WHAT YOU WILL DO
Scan the entries below, and for each line that includes the word "Benz", make a copy.

- Opening Delimiter -

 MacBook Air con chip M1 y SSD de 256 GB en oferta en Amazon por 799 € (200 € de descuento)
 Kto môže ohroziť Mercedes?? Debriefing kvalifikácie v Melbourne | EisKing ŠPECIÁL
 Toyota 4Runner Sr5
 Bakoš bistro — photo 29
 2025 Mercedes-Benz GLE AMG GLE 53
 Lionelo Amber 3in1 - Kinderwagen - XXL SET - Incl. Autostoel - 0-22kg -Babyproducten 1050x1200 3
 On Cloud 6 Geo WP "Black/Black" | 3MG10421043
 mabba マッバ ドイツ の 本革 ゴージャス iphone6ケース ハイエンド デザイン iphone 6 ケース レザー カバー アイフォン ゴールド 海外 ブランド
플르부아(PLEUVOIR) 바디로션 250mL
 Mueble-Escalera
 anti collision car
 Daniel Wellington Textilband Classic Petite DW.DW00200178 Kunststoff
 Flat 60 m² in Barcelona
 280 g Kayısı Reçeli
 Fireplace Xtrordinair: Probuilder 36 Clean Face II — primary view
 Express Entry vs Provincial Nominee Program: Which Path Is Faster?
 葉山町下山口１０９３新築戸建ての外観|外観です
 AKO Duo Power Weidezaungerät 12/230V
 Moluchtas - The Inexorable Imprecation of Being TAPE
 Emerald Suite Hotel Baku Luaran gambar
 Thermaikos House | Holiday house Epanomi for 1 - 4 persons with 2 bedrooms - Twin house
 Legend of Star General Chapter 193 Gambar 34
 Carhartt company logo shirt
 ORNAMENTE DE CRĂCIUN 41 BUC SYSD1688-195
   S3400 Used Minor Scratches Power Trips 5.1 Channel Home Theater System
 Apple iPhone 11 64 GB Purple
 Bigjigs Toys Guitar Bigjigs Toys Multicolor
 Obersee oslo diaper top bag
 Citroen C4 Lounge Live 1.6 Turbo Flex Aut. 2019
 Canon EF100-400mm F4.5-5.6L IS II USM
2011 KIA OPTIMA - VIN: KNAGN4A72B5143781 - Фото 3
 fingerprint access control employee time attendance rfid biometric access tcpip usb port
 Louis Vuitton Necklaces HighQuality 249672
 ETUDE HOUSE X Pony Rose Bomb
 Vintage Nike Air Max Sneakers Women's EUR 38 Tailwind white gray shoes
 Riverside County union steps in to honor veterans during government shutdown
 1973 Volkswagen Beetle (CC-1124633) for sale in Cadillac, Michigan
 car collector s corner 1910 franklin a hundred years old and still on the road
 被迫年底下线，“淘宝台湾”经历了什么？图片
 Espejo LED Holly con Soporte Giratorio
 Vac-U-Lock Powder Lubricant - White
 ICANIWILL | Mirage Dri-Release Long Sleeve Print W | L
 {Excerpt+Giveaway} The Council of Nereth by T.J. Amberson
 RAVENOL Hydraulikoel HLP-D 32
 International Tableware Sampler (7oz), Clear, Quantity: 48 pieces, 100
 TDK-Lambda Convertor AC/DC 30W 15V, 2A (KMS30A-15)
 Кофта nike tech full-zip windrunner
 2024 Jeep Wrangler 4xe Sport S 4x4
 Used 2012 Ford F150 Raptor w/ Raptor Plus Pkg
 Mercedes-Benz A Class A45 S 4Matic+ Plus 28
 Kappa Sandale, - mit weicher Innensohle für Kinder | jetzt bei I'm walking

- Closing Delimiter -

EXERCISE RESPONSE
 2025 Mercedes-Benz GLE AMG GLE 53
 Mercedes-Benz A Class A45 S 4Matic+ Plus 28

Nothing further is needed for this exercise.